My Alignment Research Agenda ("the Ethicophysics")
post by MadHatter · 2023-11-30T02:57:01.571Z · LW · GW · 0 commentsContents
No comments
In this post, I lay out my alignment research agenda, and give reasons why I think people should engage with it. I'll be editing this post after I put it up, so don't be surprised if it changes under you after you comment, especially if I find your comment useful and insightful.
The steps to building an aligned superintelligence, in my mind, are as follows:
- build the alignment part first, and make sure it functions to align whatever garbage AI you have lying around
- build the superintelligence in small pieces, using continuous integration and continuous testing to make sure that what you are building remains aligned as you build it
- place the most dangerous and most general capabilities piece into your prototype last, creating an aligned superintelligence (hopefully)
- turn it on, see if it kills you
- deploy it, see if it kills everyone
- if you are now a trillionaire, and no one is dead who wasn't about to die anyway, you have succeeded. Otherwise, return to step 1.

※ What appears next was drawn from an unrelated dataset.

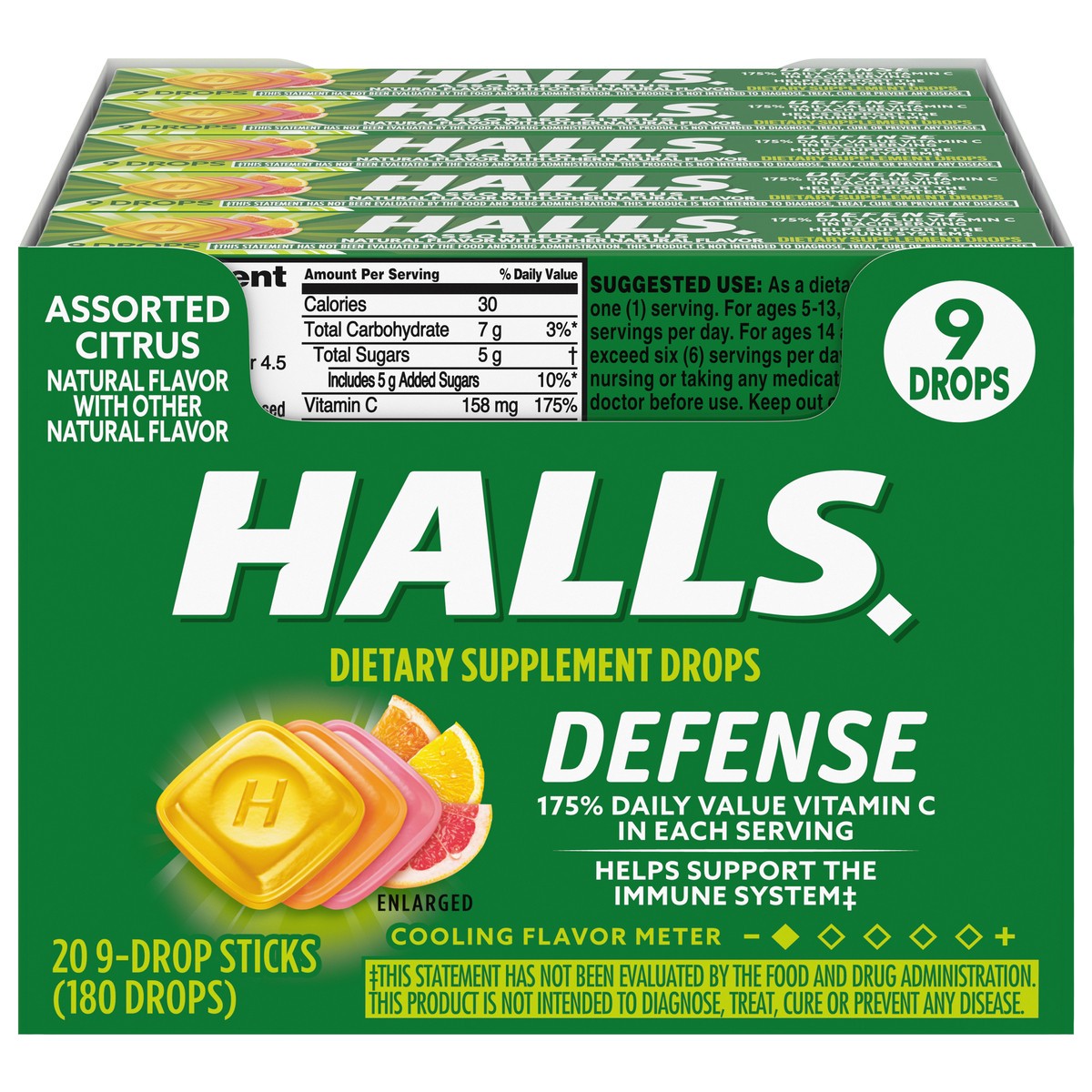 slide 1 of 5, HALLS Defense Assorted Citrus Vitamin C Drops, 20 Sticks of 9 Drops (180 Total Drops), 23.18 oz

The components I envisage needing to be built are:
- Ethicophysics I, a scientifically accurate and complete account of religion (status: theoretically complete but needs extensive expository material added, and we need to translate all extant wisdom texts into a domain specific language sufficient for reasoning about ethical risk, possibly using agena.ai's Bayesian risk analysis software)
- Ethicophysics II, a scientifically accurate and complete account of politics and history (status: theoretically complete but needs extensive expository material added, and we need to translate all extant historical texts into the domain specific language referenced above)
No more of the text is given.